§ Excerpted data:

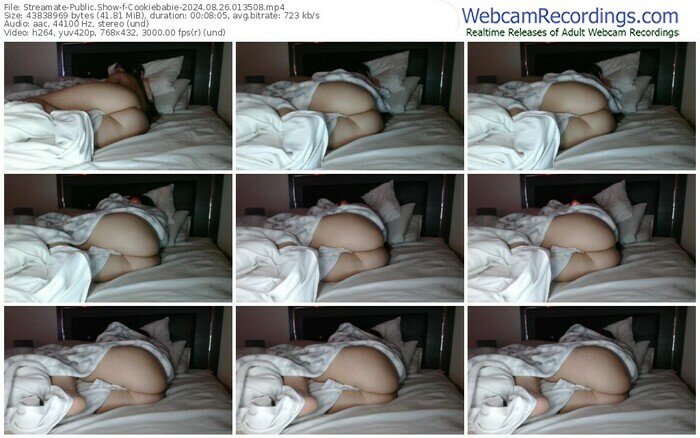streamate-cookiebabie-08-26-2024-01-35-08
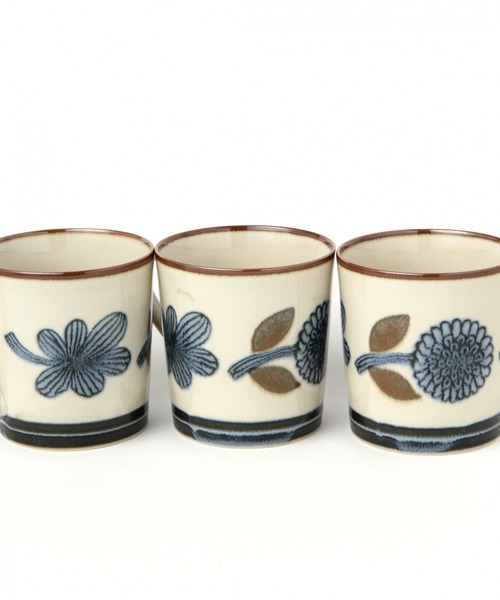 studio CLIP（スタディオクリップ）の「クラシコマグ（グラス/マグカップ/タンブラー・レディース・その他1/その他2/その他3・FREE）」の20枚目の写真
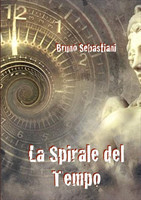 Spirale Del Tempo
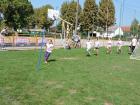 DSCN4924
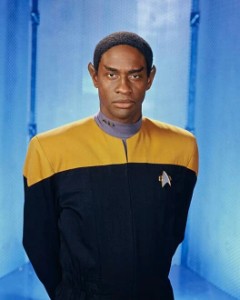 Tuvok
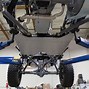 Image result for Jeep Jl Chassis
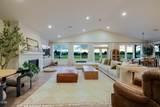 64794 Hunnell Road - Photo 36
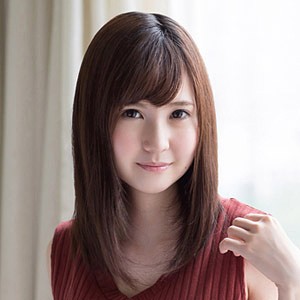minori - S-CUTE - scute587 - 素人AV女優判定AI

§ Work required: Nothing but the lines from the line containing "studio CLIP（スタ" through the end of the records belongs in the answer, written out exactly, both ends included, without pictures.

§ Answer below:
 studio CLIP（スタディオクリップ）の「クラシコマグ（グラス/マグカップ/タンブラー・レディース・その他1/その他2/その他3・FREE）」の20枚目の写真
 Spirale Del Tempo
 DSCN4924
 Tuvok
 Image result for Jeep Jl Chassis
 64794 Hunnell Road - Photo 36
minori - S-CUTE - scute587 - 素人AV女優判定AI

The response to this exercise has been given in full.